Tuesday, January 3, 2017

Yummy: The Last Days of a Southside Shorty by G. Neri

The NCTE conference was like being in book nerdvana and I expect many of the books that I read in 2017 are going to have some connection for me to NCTE 2016. G. Neri, for example, was one of the keynote speakers. He writes YA and Middle Literature. He used to be a teacher in one of the high risk schools in L.A. and so many of his books feature protagonists like the kids that he taught.

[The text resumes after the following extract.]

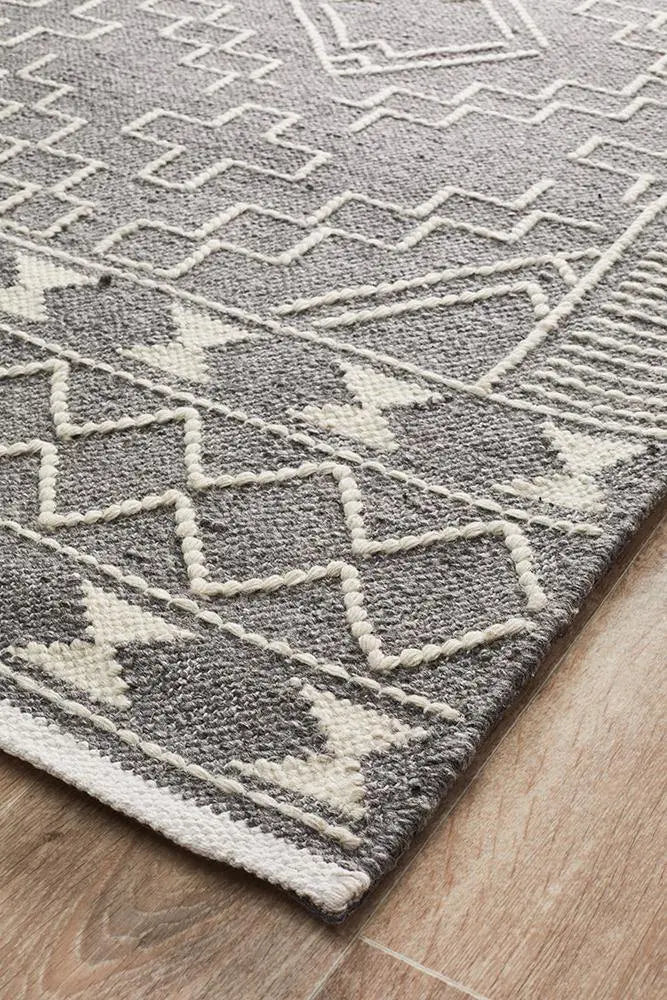 Amber 802 Grey Wool Rug, 100 % Wool Rugs, HAND LOOMED Rugs Unitex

Yummy is an fictional retelling of an actual event that happened in Chicago in 1994. I vaguely remember hearing about it in the news, in fact. Essentially, an 11 year old boy, Yummy, shot and killed a 14 year old girl in his neighborhood. She was not the intended victim. Yummy, despite his young age, was in a gang and he intended to shoot a member of a rival gang.

The incident became nation-wide news overnight and stayed a topic of news for days as Yummy eluded capture by the police. Everyone had something to say, mostly about gangs stealing our youth and how young people were becoming little monsters. Mostly, I remember the panic and that I was the same age as the girl who was killed.

Neri, recast the story as a graphic novel aimed at young people. Roger, the fictional narrator, speaks about the event from the perspective of another kid in the same neighborhood. Roger talks about Yummy's family and his history as Roger knows it. He makes no excuses for Yummy but is, at the same time, sympathetic to his environment and wonders if he could have ended up the same way.

Neri did a good job with a tough subject, and, while grim, this is an excellent read. The length and writing is appropriate for Middle School Readers but the subject matter keeps it relevant up through High School.